# DATA FOR THIS TASK:
BEGIN
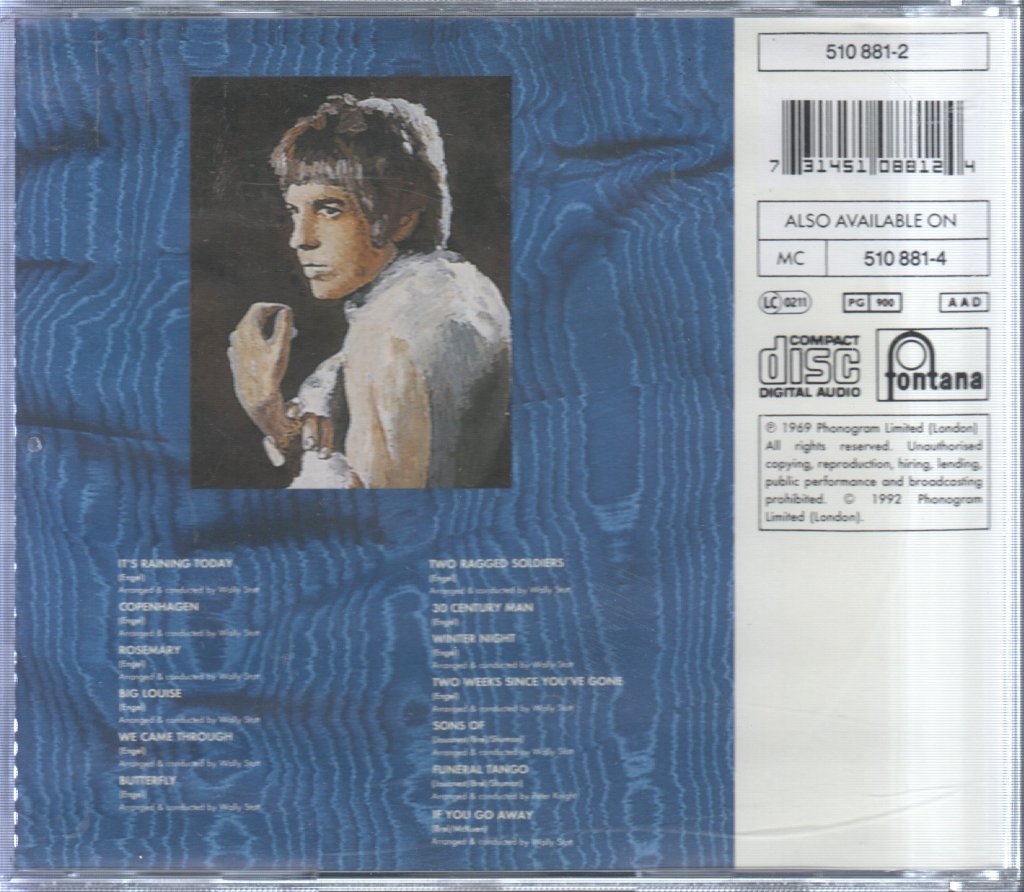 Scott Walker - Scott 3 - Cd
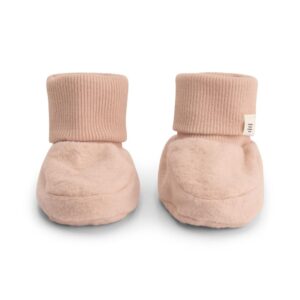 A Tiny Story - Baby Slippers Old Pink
END
BEGIN
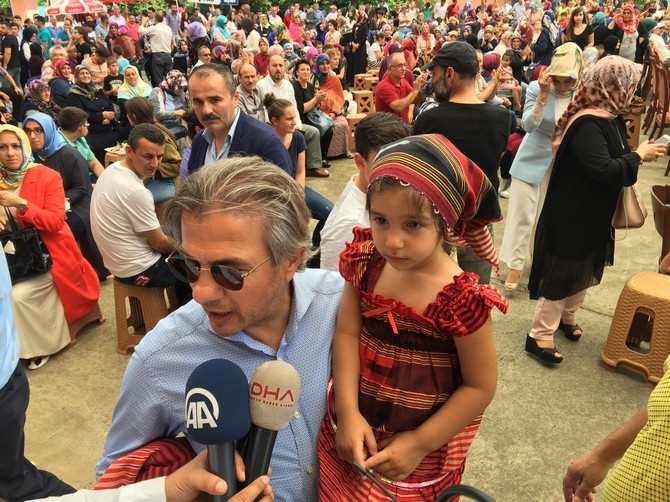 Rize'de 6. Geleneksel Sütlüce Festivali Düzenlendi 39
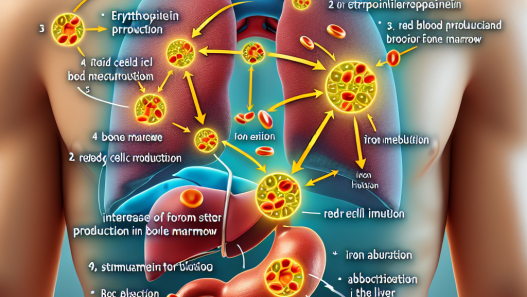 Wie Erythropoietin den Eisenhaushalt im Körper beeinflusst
END
# ASSIGNED TASK:
Above are the records; please give again, exactly and in full, only the lines that run from the line with "Scott Walker - Scott 3 - Cd" through the line with "A Tiny Story - Baby Slippers Old Pink", with no pictures.

# SOLUTION FOR THIS TASK:
 Scott Walker - Scott 3 - Cd
 A Tiny Story - Baby Slippers Old Pink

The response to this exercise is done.